◆ DATA TO USE:
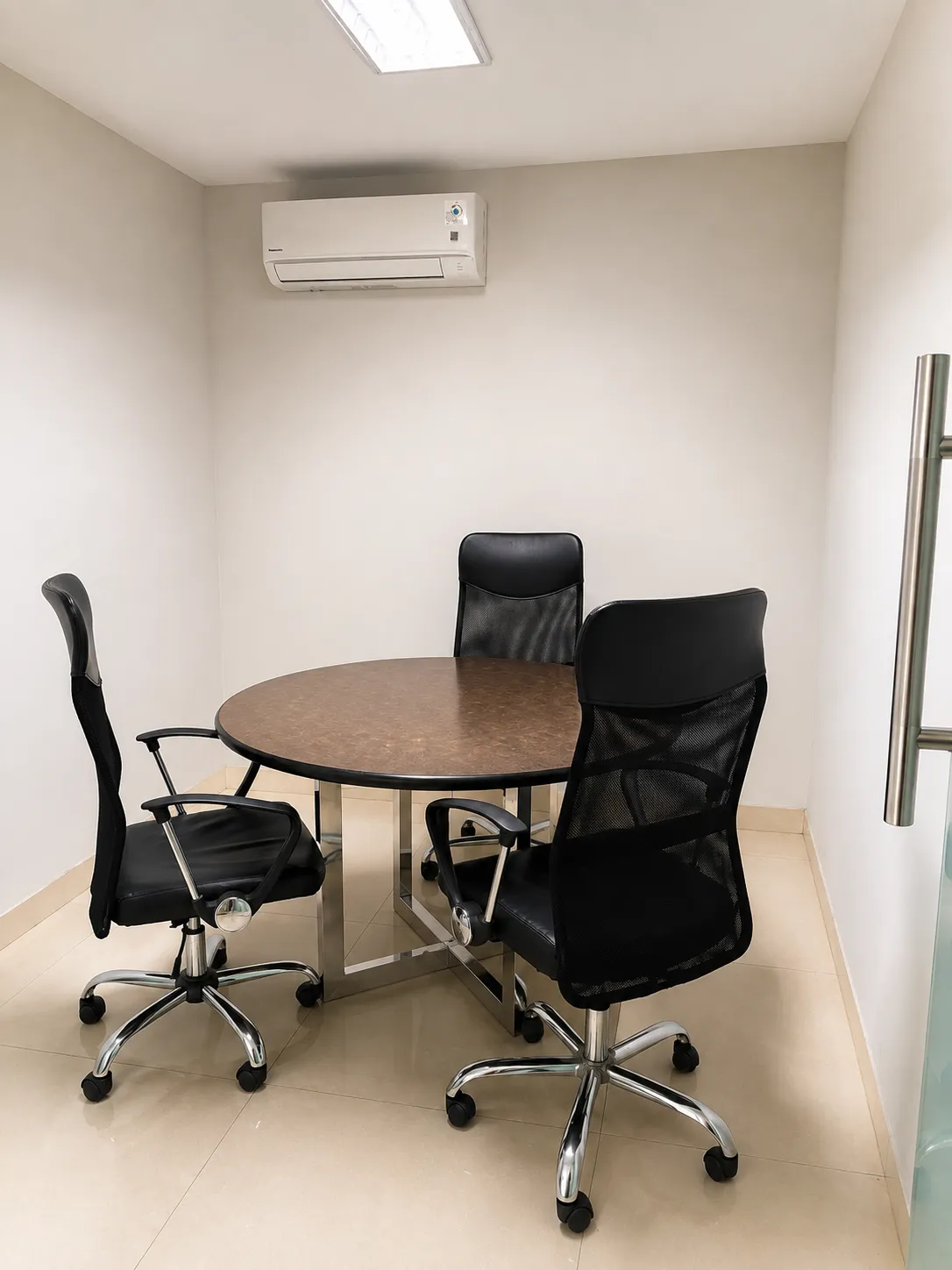 Private discussion room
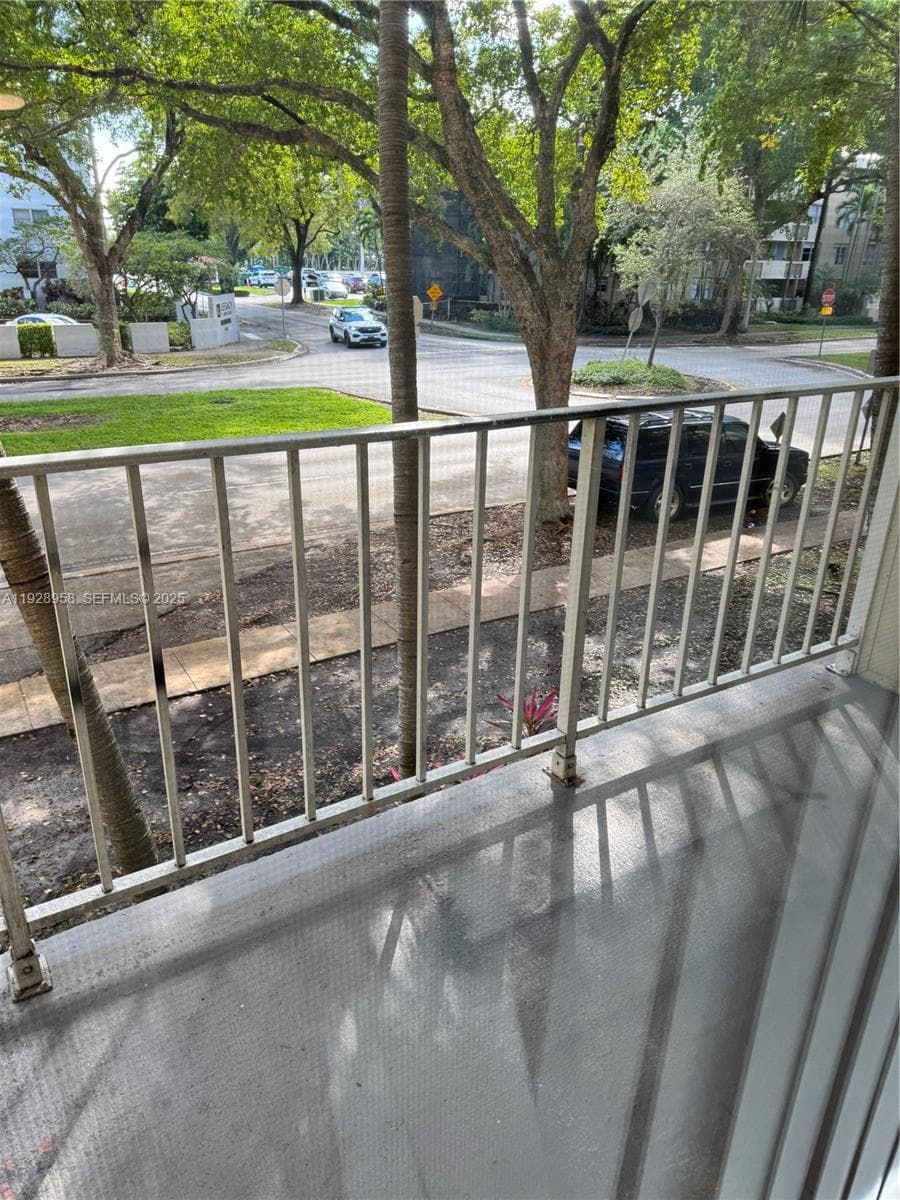 BAYVIEW PALMS CONDO · #231 in North Miami - Photo 2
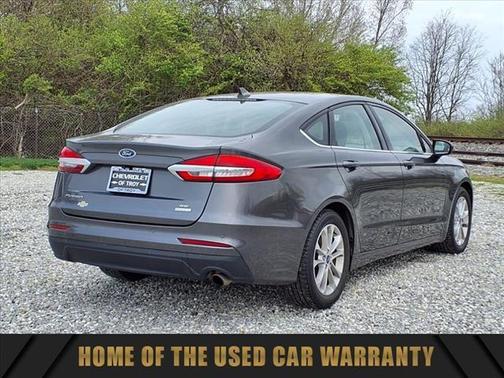 2020 Ford Fusion SE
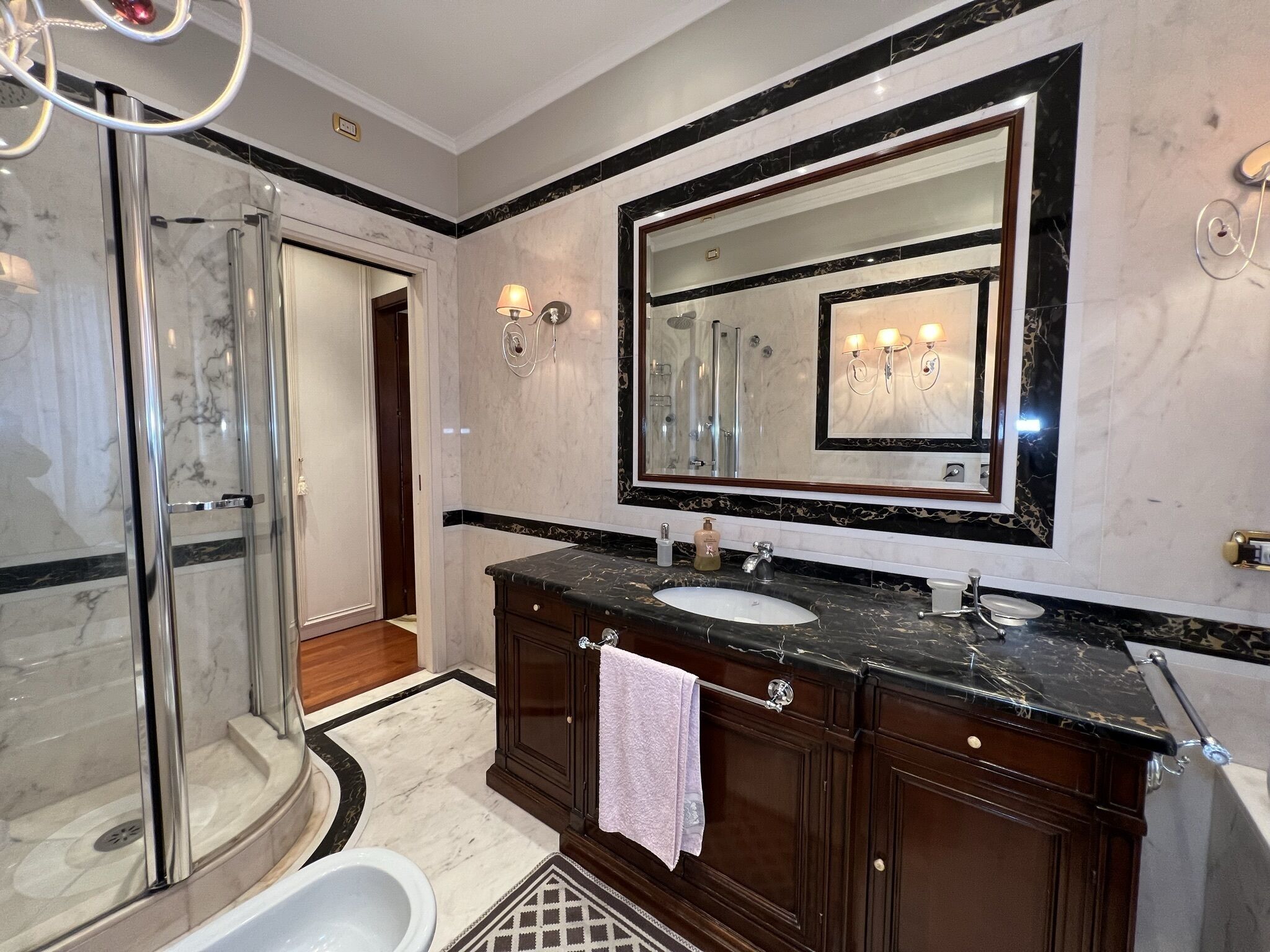 Luxury Apartment conveniently connected to the center of Milan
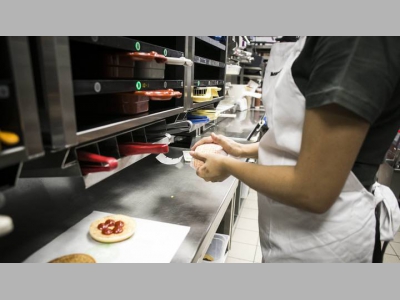 McDonald's открыл первый ресторан dark kitchen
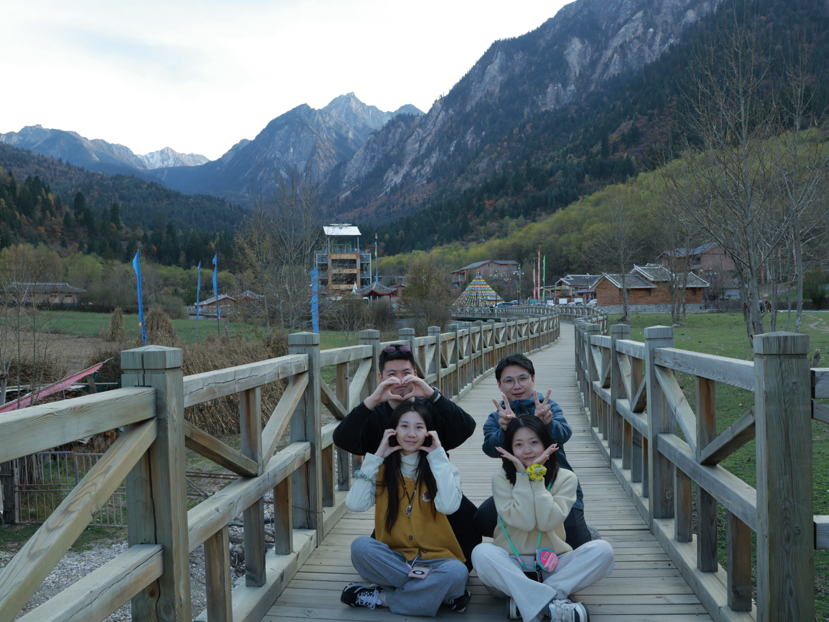九寨秋色环线之穿越彩林与冰川的奇幻之旅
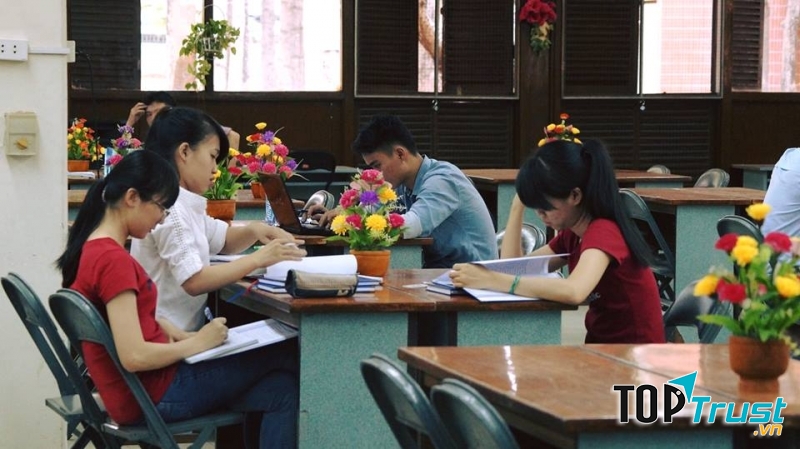 Sinh viên tham gia học tập tại thư viện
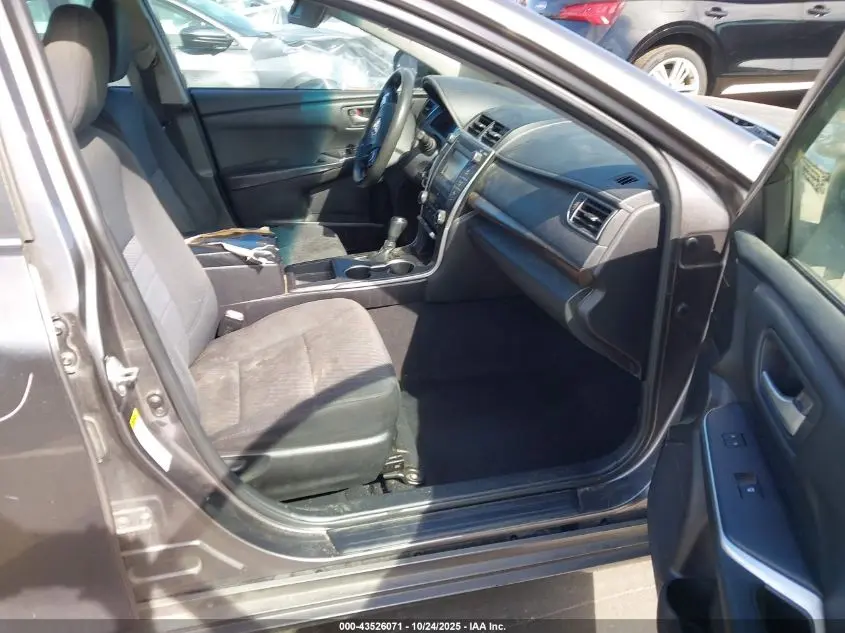 2016 TOYOTA CAMRY LE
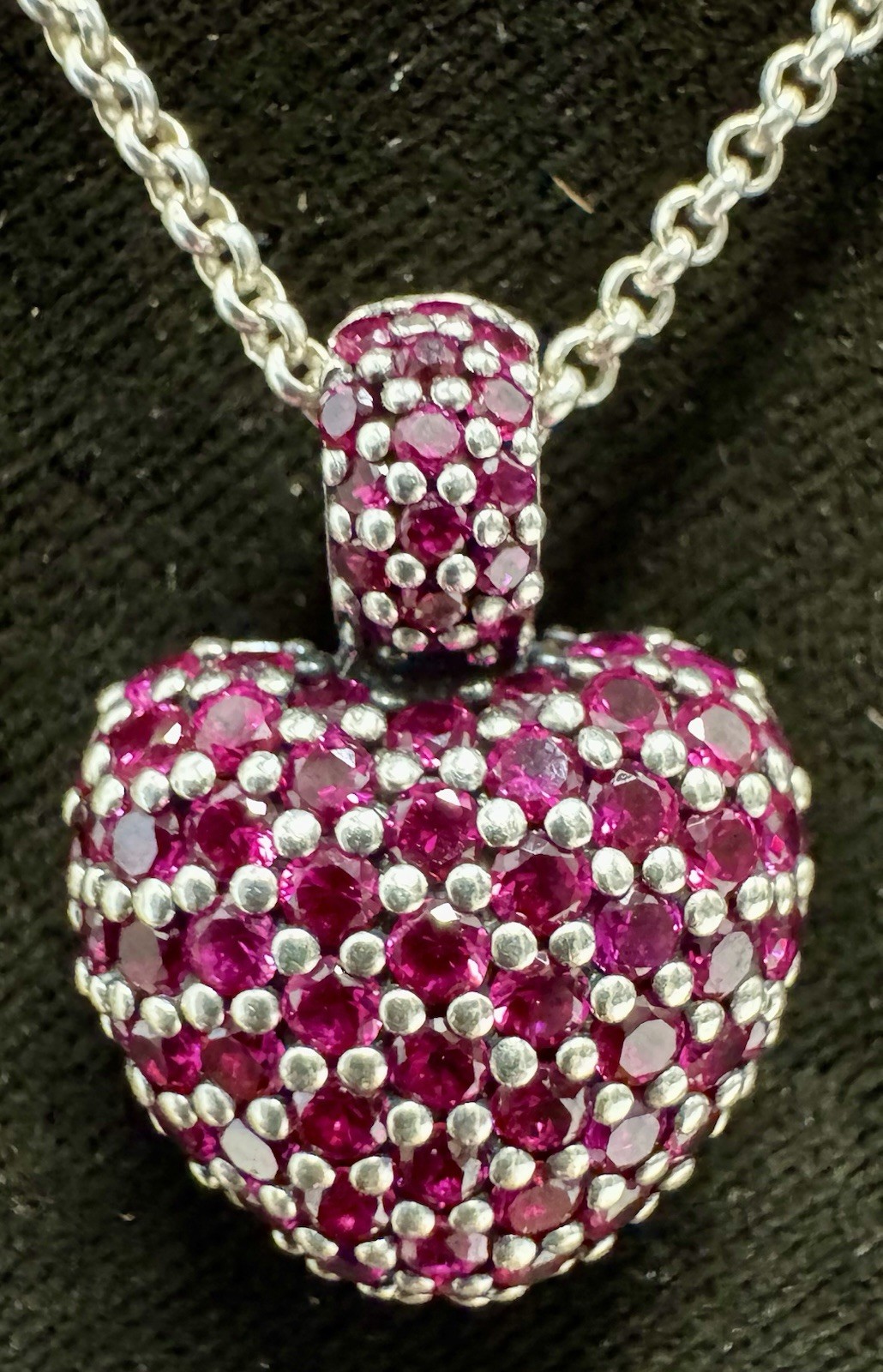 Beautiful Thomas Sabo 925. Sterling Rolo Necklace With Ruby Pave Heart Pendant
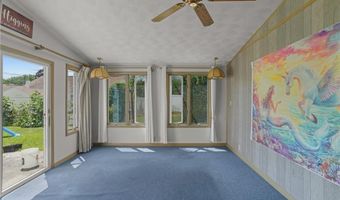 56 Brookfield Dr, Cranston, RI 02920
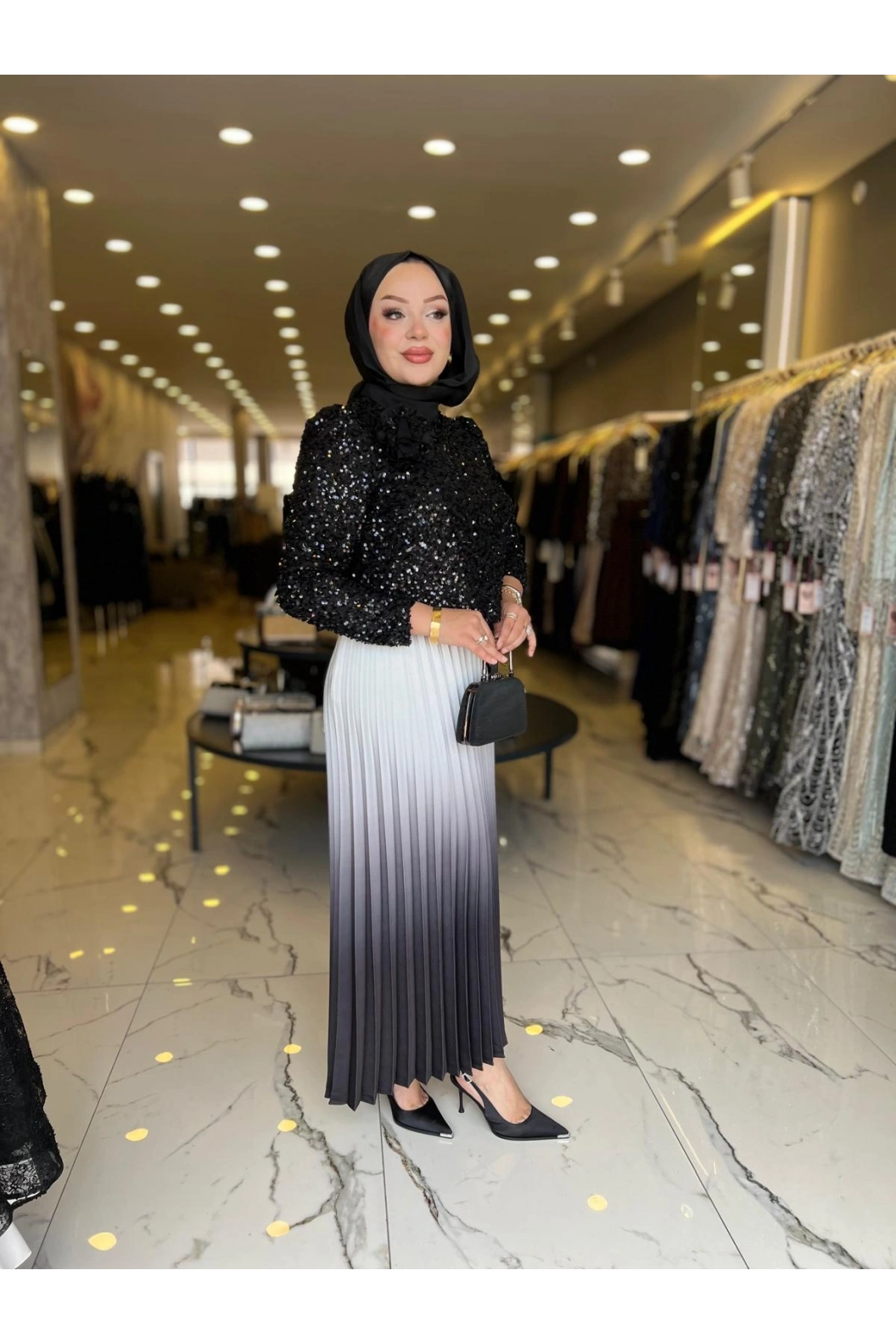 MATEKS-ETEĞİ PLİSELİ PAYETLİ TAKIM SİYAH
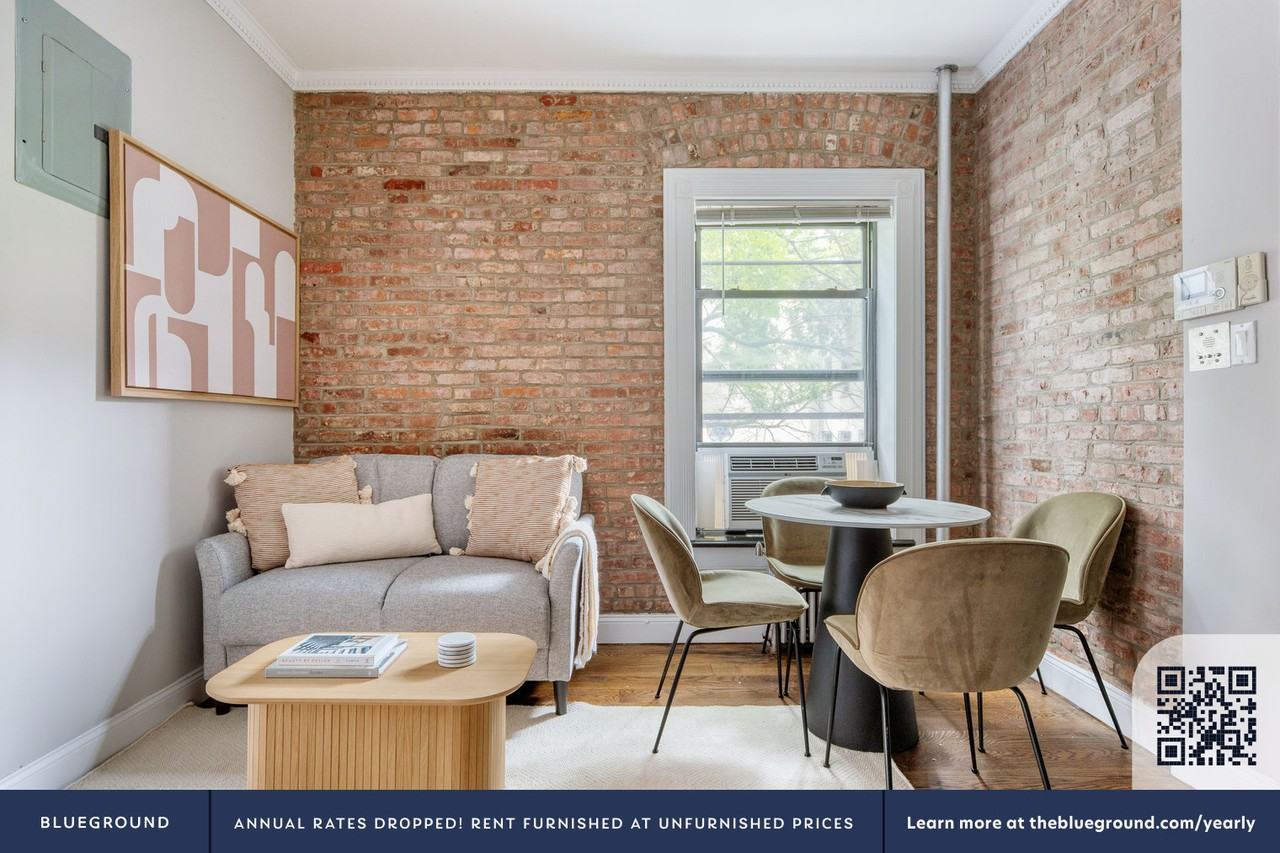 309 East 8th Street - Photo 3 of 21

◆ EXERCISE OBJECTIVE: Without any pictures, transcribe the listing above exactly as written.

◆ ANSWER SECTION:
 Private discussion room
 BAYVIEW PALMS CONDO · #231 in North Miami - Photo 2
 2020 Ford Fusion SE
 Luxury Apartment conveniently connected to the center of Milan
 McDonald's открыл первый ресторан dark kitchen
九寨秋色环线之穿越彩林与冰川的奇幻之旅
 Sinh viên tham gia học tập tại thư viện
 2016 TOYOTA CAMRY LE
 Beautiful Thomas Sabo 925. Sterling Rolo Necklace With Ruby Pave Heart Pendant
 56 Brookfield Dr, Cranston, RI 02920
 MATEKS-ETEĞİ PLİSELİ PAYETLİ TAKIM SİYAH
 309 East 8th Street - Photo 3 of 21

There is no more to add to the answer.